I have worked with women on body and sexuality-related issues for many years, both on a one-to-one basis and in groups, in the UK and in New Zealand. This includes working with the Centre for Icasa sexual healing centre with people who sought help for issues related to fear of intimacy. I have worked with men and women who were adult virgins; women who found it difficult to orgasm; men with erectile dysfunction; and women and men who avoided sexual relationships because of negative thoughts and beliefs about their bodies. I have a first-hand understanding of a variety of issues that people may face related to their sexuality and their sex lives. And I am experienced in supporting them to resolve these issues. I have developed and delivered workshops for women that focused on understanding and expressing our unique, sexual selves. I have also supported women with their body relationships through my work delivering intuitive eating workshops. These workshops explored practical ways of improving how women relate to food and to their bodies.
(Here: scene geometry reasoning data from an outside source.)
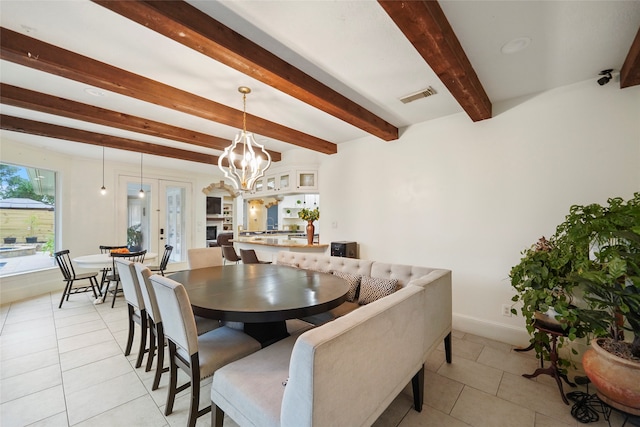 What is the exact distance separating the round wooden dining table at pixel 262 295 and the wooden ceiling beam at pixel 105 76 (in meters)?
1.67

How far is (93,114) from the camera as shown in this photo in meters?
2.93

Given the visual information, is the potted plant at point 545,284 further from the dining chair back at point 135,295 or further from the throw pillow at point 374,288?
the dining chair back at point 135,295

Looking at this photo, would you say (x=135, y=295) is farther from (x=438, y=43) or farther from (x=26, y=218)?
(x=26, y=218)

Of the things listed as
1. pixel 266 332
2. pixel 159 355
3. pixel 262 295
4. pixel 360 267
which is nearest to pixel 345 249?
pixel 360 267

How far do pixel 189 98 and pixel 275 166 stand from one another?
9.10ft

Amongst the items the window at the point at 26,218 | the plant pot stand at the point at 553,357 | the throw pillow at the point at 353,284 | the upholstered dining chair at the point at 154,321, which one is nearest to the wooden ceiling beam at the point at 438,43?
the throw pillow at the point at 353,284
I really, truly, passionately care that women enjoy their bodies and their sex lives! This is why I set up Sexy at Any Size – to offer women an opportunity to gain sexy body confidence, to feel deserving of great sex, and to feel free to express who they truly are.
I want to make a difference
I have spent too many years seeing too many women feel ashamed and guilty about their bodies and their sexuality. Our bodies are a gift! We only get one body and we only get one life. We deserve to experience pleasure, to celebrate being a woman, and to feel good in our body: just as it is, in this very moment.
Some other things you might like to know about me:
- I love being playful and having fun. On any given day you could find me: making fabric vulva cushions, running in to the sea, belly dancing in my living room, or decorating cupcakes.
- I have a blog called “The Ladygarden Project” where I write about celebrating women and their sexuality.
- I love writing erotic stories as a way of finding out about and expressing different aspects of my sexual self. Several of these have been published by Xcite Books.
- I am in a civil partnership.
- I believe strongly that women work best in collaboration rather than competition and my dream is to be part of a network of strong, sexy women. Together we can be the change we want to see in the world.